In the copy, every line of the material that follows must appear exactly, and no pictures should.

* **DATA SHOWN**
^^^^

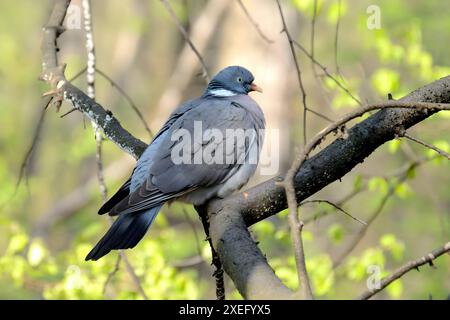 Gewöhnliche Holztaube auf einem Ast, Nahaufnahme. Stockfoto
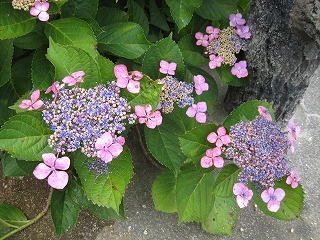 IMG_2613.jpg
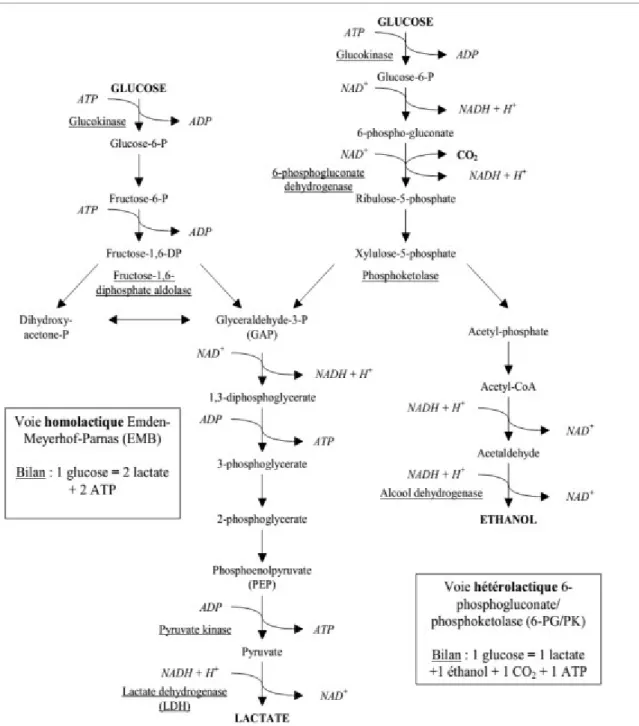Figure 2. Principales voies cataboliques du glucose chez les bactéries lactiques (Dellaglio et  al., 1994)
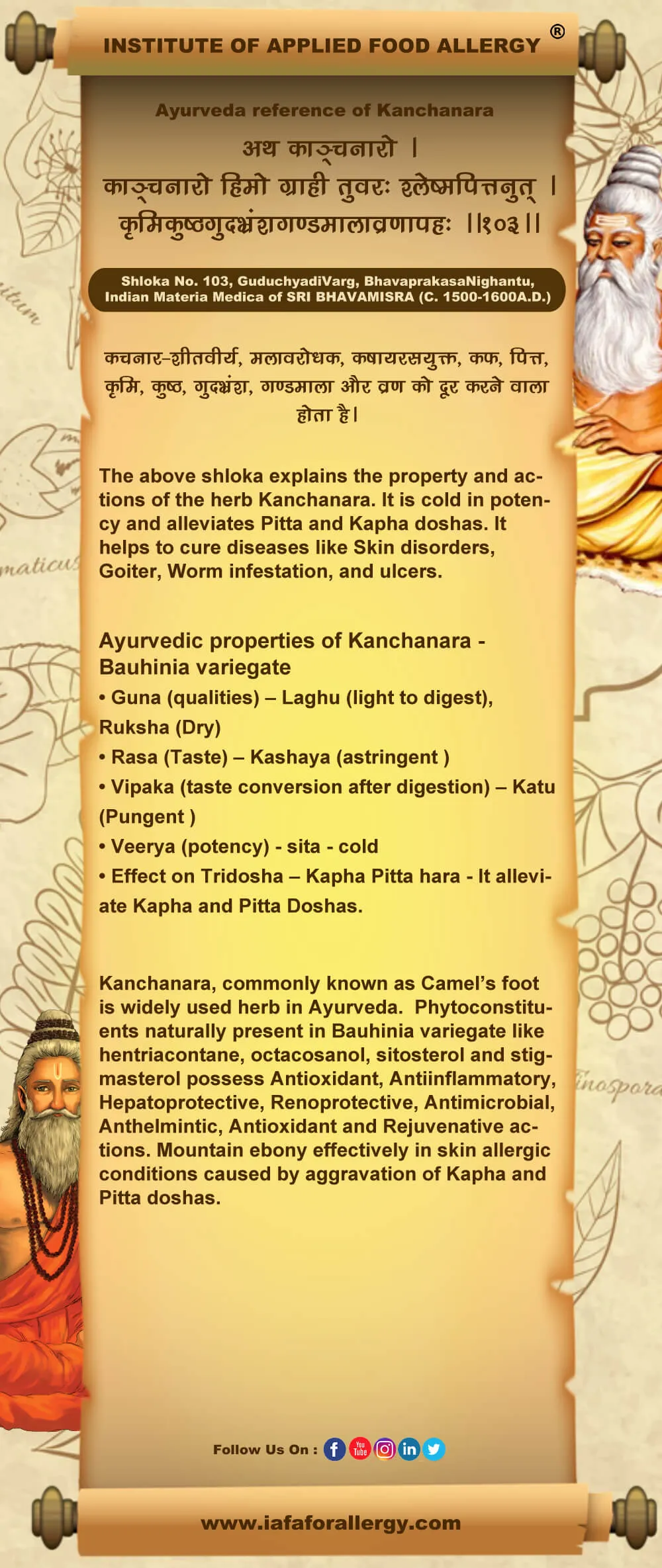 Ayurveda reference of Kanchanara - Bauhinia variegate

^^^^

* **ANSWER BOX**
 Gewöhnliche Holztaube auf einem Ast, Nahaufnahme. Stockfoto
 IMG_2613.jpg
Figure 2. Principales voies cataboliques du glucose chez les bactéries lactiques (Dellaglio et  al., 1994)
 Ayurveda reference of Kanchanara - Bauhinia variegate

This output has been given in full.